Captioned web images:
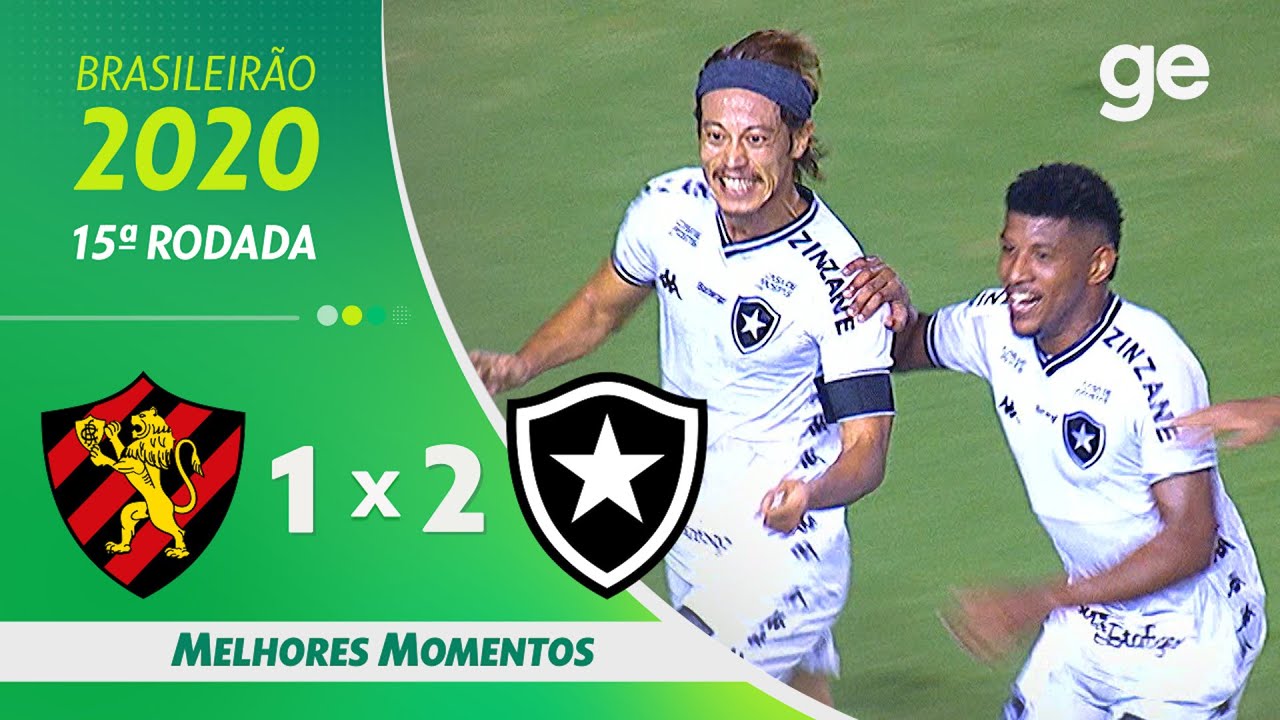 VÍDEO: gols e melhores momentos de Sport 1 x 2 Botafogo
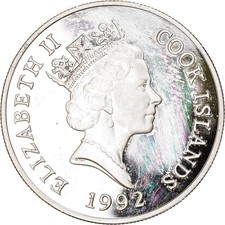 Monnaie, Îles Cook, Elizabeth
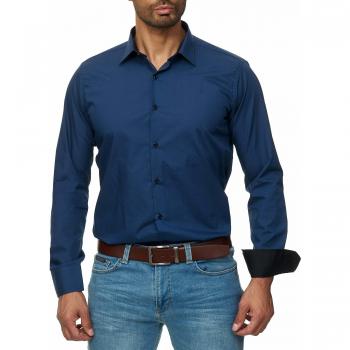 J'S FASHION Herren-Hemd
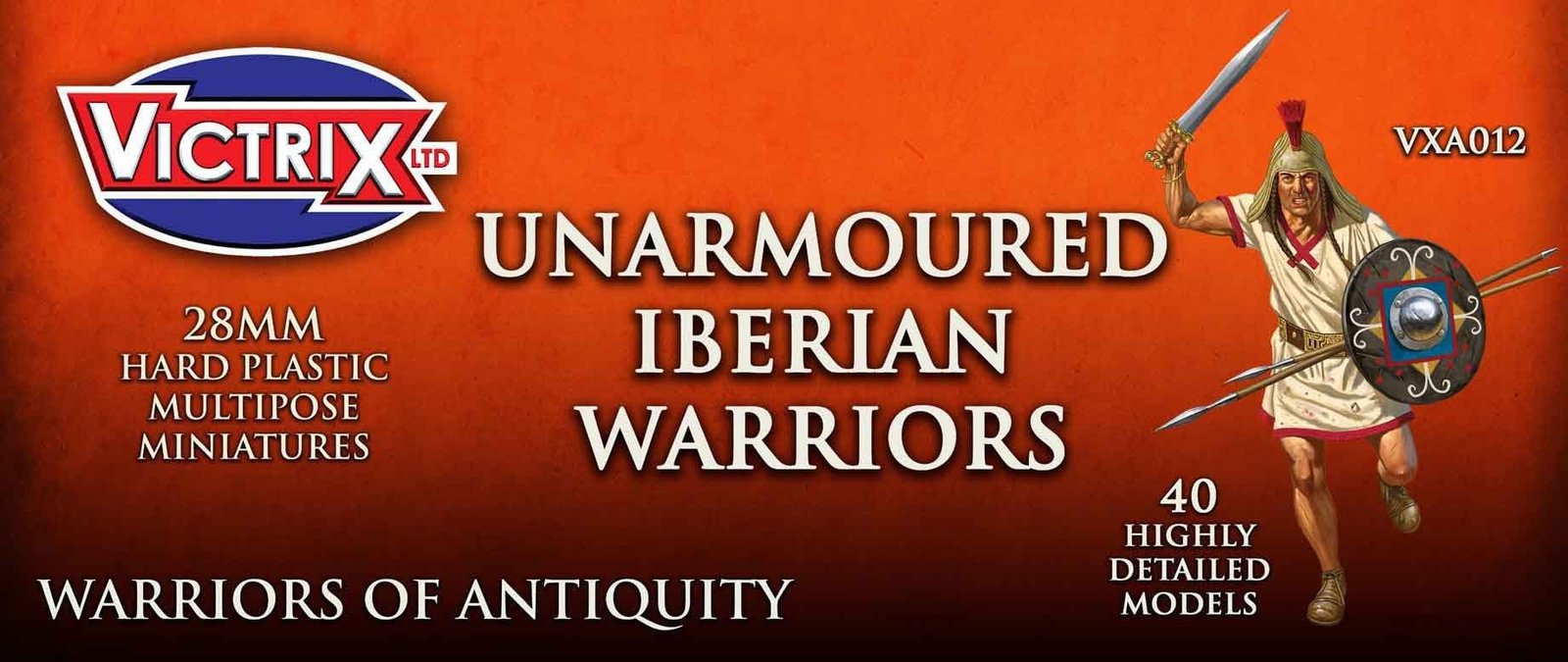 Unarmoured Iberian Warriors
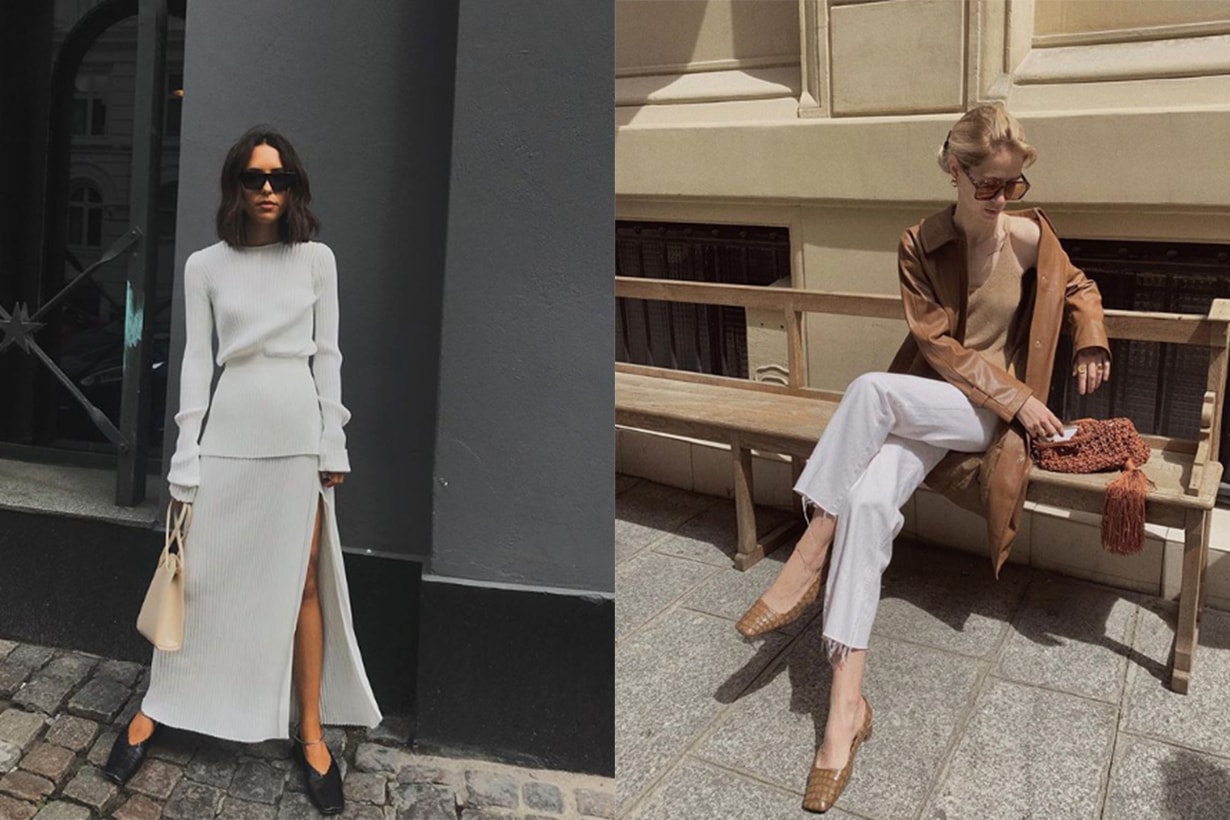 Ballet Flats Street Style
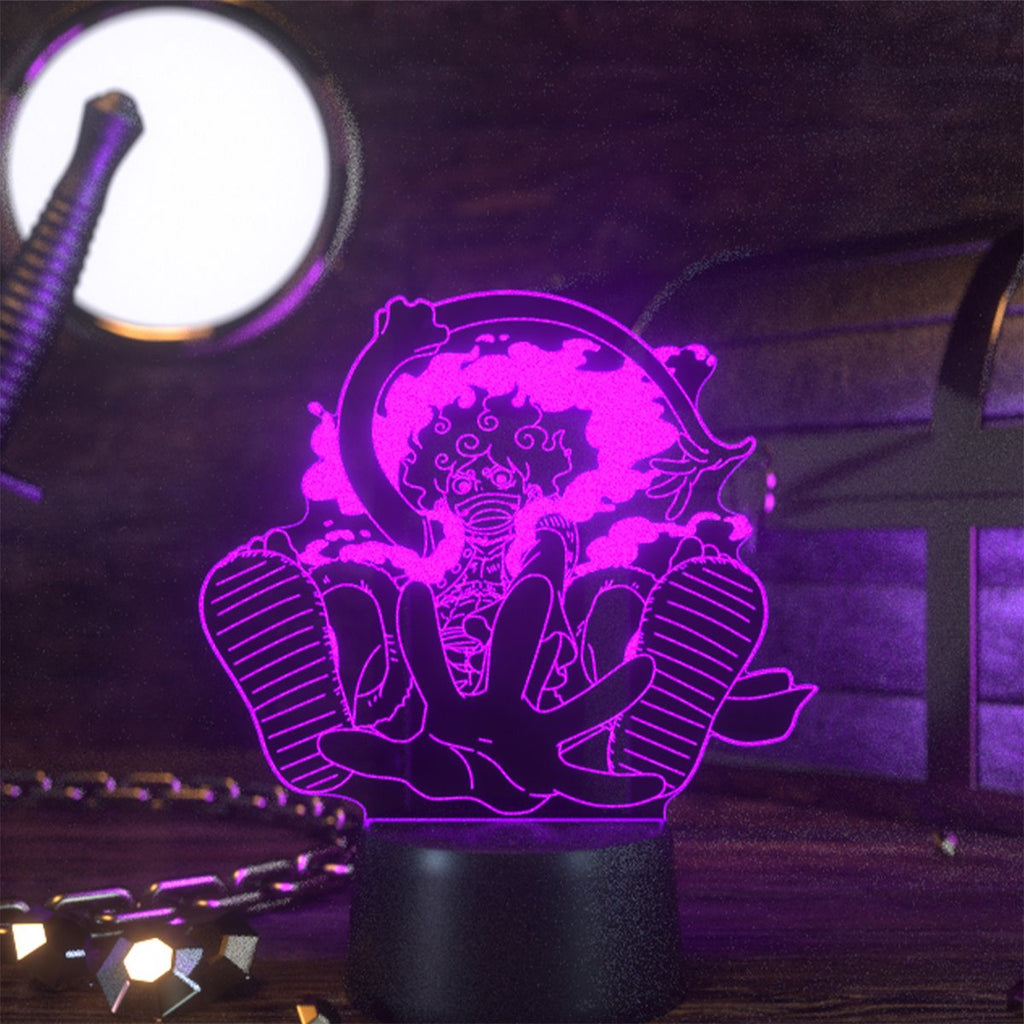 One Piece Luffy Gear 5 Otaku Lamp
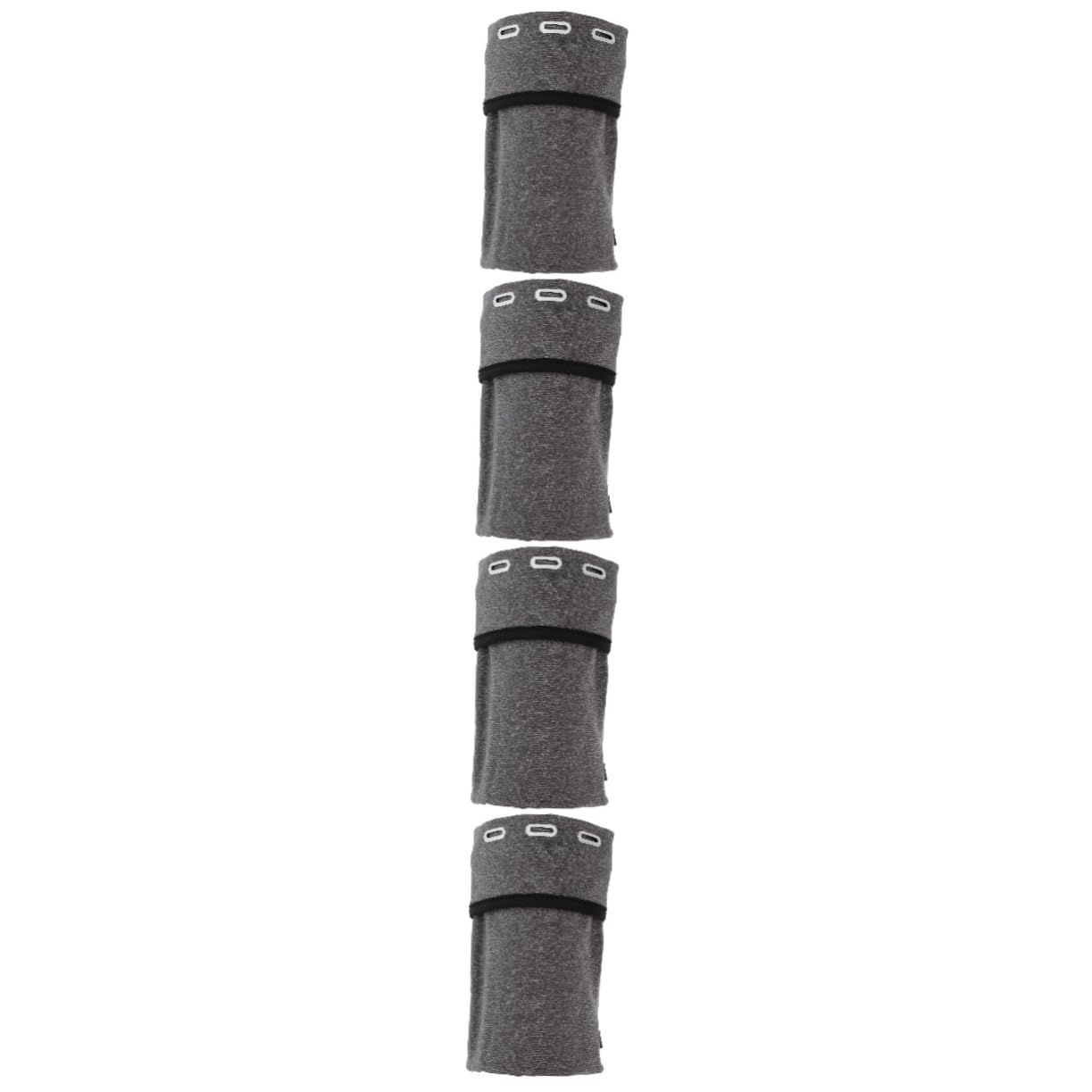 DOITOOL 4piezas Deportivo para Teléfono Móvil Bolsa De Brazo para Correr y Ejercicio Accesorio De Almacenamiento para Actividades Al Aire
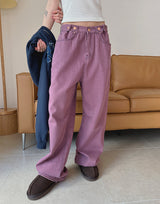 リファーラルカラーパンツ/no.513 Referral Color Pants (2color)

Exercise goal: Retype the entries above exactly. Stop after the line containing "One Piece Luffy Gear 5 Otaku Lamp", and omit the pictures.

Exercise solution:
 VÍDEO: gols e melhores momentos de Sport 1 x 2 Botafogo
 Monnaie, Îles Cook, Elizabeth
 J'S FASHION Herren-Hemd
 Unarmoured Iberian Warriors
 Ballet Flats Street Style
 One Piece Luffy Gear 5 Otaku Lamp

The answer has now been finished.